1. Peterson's counsel explained during the hearing that, as a result of this accident, Peterson received social security disability benefits from 1987 until 2004. (Tr. 41.)
2. The signatures on these treatment notes are illegible.
3. While in the rehab facility, Peterson was seen by orthopedist Harry Hoyen, M.D. (Tr. 514-519.) On July 19, 2012, Dr. Hoyen noted moderate swelling in Peterson's wrist, as well as a limited gait. (Tr. 517-518.) He applied a cast to Peterson's right wrist and ordered x-rays. (Id.) Peterson returned to Dr. Hoyen on July 26, 2012, at which time he found that "alignment is appropriate" and continued with cast immobilization. (Tr. 514-515.) In August 2012, Dr. Hoyen interpreted additional x-rays of Peterson's right wrist and found "good healing." (Tr. 511-512.) He noted the "radius fracture is healing" and transitioned Peterson to a splint. (Tr. 512.)
4. Peterson also underwent a bone density scan on December 10, 2012. (Tr. 490.) This scan revealed as follows: "Osteoporotic lumbar spine and osteopenia of the left hip bone mineral density with decrease in bone mineral density since the previous exam, for which follow up study in one year is recommended with appropriate treatment." (Id.) The scan also noted Peterson was at high risk for fracture due to her osteoporosis. (Id.)
5. Pursuant to 20 C.F.R. § 404.1527(c)(2), when not assigning controlling weight to a treating physician's opinion, the Commissioner should consider the length of the relationship and frequency of examination, the nature and extent of the treatment relationship, how well-supported the opinion is by medical signs and laboratory findings, its consistency with the record as a whole, the treating source's specialization, the source's familiarity with the Social Security program and understanding of its evidentiary requirements, and the extent to which the source is familiar with other information in the case record relevant to the decision.
6. At step three, the ALJ discussed Dr. Ravishankar's opinion in the context of determining that Peterson's impairments did not meet or medically equal Listing 11.08 (spinal cord or nerve root lesion). (Tr. 20-21.) Specifically, the ALJ found Dr. Ravishankar's opinion did not provide support for the contention that Peterson satisfied this Listing because "it is at odds with another opinion he issued on the same date, indicating there is no evidence of compromise of the claimant's nerve root or the spinal cord, and no motor loss or neuro-anatomic distirbution of pain." (Tr. 20.) The ALJ also noted that Dr. Ravishankar failed to check the box indicating that Peterson exhibited "significant and persistent disorganization of motor function in two extremities" and, further, failed to indicate whether her condition resulted in "sustained disturbance of gross and dexterous movements, or gait and station." (Id.)
7. In any event, even if the ALJ had offered these reasons for rejecting Dr.
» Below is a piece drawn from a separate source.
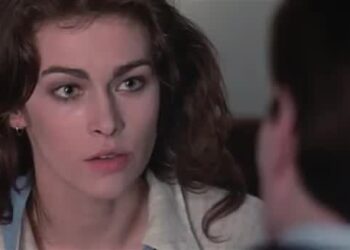 A Moscow police officer investigates a vicious triple homicide and stumbles upon a high-level international political conspiracy.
Ravishankar's opinions, the Court is not convinced they would constitute "good reasons" for purposes of social security regulations. While the Commissioner notes Dr. Ravishankar's opinions are inconsistent with the state agency physicians' opinions, the Sixth Circuit has rejected the argument that it is sufficient to reject a treating physician's opinion solely on the basis that it conflicts with the medical opinions of nontreating and nonexamining doctors. See Gayheart, 710 F.3d at 377 ("Surely the conflicting substantial evidence must consist of more than the medical opinions of the nontreating and nonexamining doctors. Otherwise the treating-physician rule would have no practical force because the treating source's opinion would have controlling weight only when the other sources agreed with that opinion. Such a rule would turn on its head the regulation's presumption of giving greater weight to treating sources because the weight of such sources would hinge on their consistency with nontreating, nonexamining sources.") Moreover, although the ALJ notes earlier in the decision that Peterson has refused prescription pain medication, the record contains notations that Peterson is allergic to such medication. (Tr. 363, 444, 486.) The ALJ did not discuss or address this issue in the decision.